Discrimination describes the ability of a model to distinguish individuals from risk and non-risk groups. The most prominent measure is the area under the receiver operating characteristic (ROC) curve (AUC). Within a classical ROC, the sensitivity of the model is plotted against 1-specificity for various thresholds of the predictive score (Bamber 1975). The AUCs can range from 0.5 (the model is completely uninformative) to 1 (perfect discrimination between affected and unaffected individuals). Technically speaking, the AUC can be interpreted as the probability that an affected individual has a higher predicted risk score than an individual from the control group (Hanley and McNeil 1982). In order to analyse the benefit of including genetic data in a disease prediction model, the AUC of the model additionally including genetic data is compared with the AUC of the baseline model. If the former is significantly larger, a benefit can be claimed. However, the AUC under the ROC method has certain limitations. First, it represents a measure of multiple realisations of a predictive model as it evaluates the performance of the model for all possible thresholds of the predictive score. This is done regardless of whether or not these thresholds are clinically meaningful. Therefore, an improved AUC does not necessarily reflect an improved performance with respect to clinical relevance. Second, the AUC has been criticised for being relatively insensitive (Cook 2007). This is of particular relevance when the AUC of the baseline model is already good. Here, the power to detect a statistically significant improvement of the AUC by including a certain genetic marker is much lower than the power to improve the AUC of a model with lower initial AUC values (Tzoulaki et al. 2009; Pencina et al. 2010). A prominent example is the study of Pencina et al. (2010), who reported that an additional genetic marker with an effect size of 0.41 (corresponding to an SNP with an odds ratio of 1.5) can improve the AUC of baseline models with values 0.55, 0.6, and 0.75 to an AUC of 0.63, 0.65, and 0.77, respectively. Such calculations typically do not assume a correlation between the predictors of the baseline model and the predictors of the model including genetic data. As one may expect, adding a genetic component to a baseline model will result in a relevant correlation between predictors of both models. Hence, the power of the AUC method may be even lower.

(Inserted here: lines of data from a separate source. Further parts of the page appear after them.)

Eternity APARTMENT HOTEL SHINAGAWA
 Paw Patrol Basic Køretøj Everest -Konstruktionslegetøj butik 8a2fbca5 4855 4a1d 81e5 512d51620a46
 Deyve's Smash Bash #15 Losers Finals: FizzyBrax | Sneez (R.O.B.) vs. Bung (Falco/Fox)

Reclassification improvement describes improvement in the classification of cases and controls when comparing an updated model against a baseline model. For this purpose, Pencina et al. (2010) proposed the net reclassification improvement (NRI). The NRI examines whether the model including genetic data shifts cases to higher risk categories more often than to lower risk and, vice versa, controls to lower risk categories more often than to higher ones. Improvement can be claimed if the sum of these movements is better than 0 %, which is found if there is equal movement in the correct and incorrect direction (Paynter et al. 2010). However, changes of risk categories do not necessarily result from clinically important risk categories. Therefore, some authors report the ‘clinical NRI’ related to changes within the most clinically relevant risk categories (Cook and Paynter 2011). Although the NRI is a well-suited measure for reclassification analysis, a number of limitations need to be considered (see Cook and Paynter 2011 for details). Therefore, the results obtained should be interpreted carefully and reported in sufficient detail (Pepe 2011).
The integrated discrimination improvement (IDI) represents an alternative and relevant reclassification measure. The IDI is the difference between the discrimination slope of the baseline and the updated model (Pencina et al. 2008). As clinical risk categories are not required for IDI calculation, it is of particular value when such categories do not (yet) exist.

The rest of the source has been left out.